1. A year before the Mexican presidential elections, which will take place in July 2006, there are great international expectations regarding the eventual electoral results in that important Latin American nation, which could be decisive for the political direction of the continent. Mexico is the largest Latin American economic power, with more than 100 million inhabitants, with almost two million square kilometers, and with its position as the principal Latin American neighbor of the United States.

The international Left does not hide the hopes that it places in the candidate Manuel López Obrador, former mayor of Mexico City and member of the Democratic Revolutionary Party (PRD). That is what was witnessed last July during the last meeting of the Forum of São Paulo, of which the PRD is one of the founding members along with Lula’s Brazilian Workers Party, the Communist Party of Fidel Castro’s Cuba, etc.

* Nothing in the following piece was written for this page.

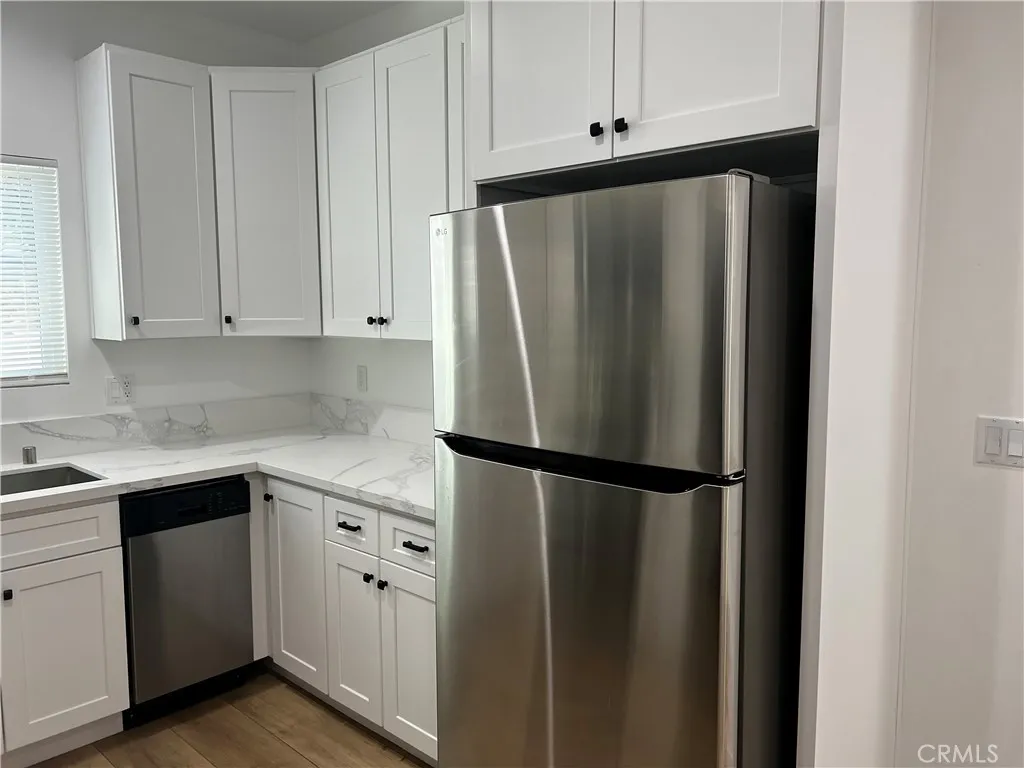 Additional image 25 of 5952 Balcom Avenue, Encino, CA 91316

On the other hand, with the Lula government sinking in the middle of a sea of corruption, the Left’s "gradualist" wing, which emphasizes the revolution of mentalities, is looking for a leader of international prominence to take his place. It is not certain that the Mexican leader would succeed in playing that role, but at least this is what they would try to do.

2. López Obrador is adopting an ambiguous profile, without ideological definitions, in order to be able to attract the decisive votes of the political center. He resorts to demagogic promises to seduce the middle and lower classes, and he acts with sufficient caution in economic matters so as to earn the sympathy of businessmen. The leftist candidate flavors that political menu with a conciliatory and smiling image. In this way he is exercising a kind of domestic magic spell with which he attracts an important part of the electorate and darkens the character of the other candidates.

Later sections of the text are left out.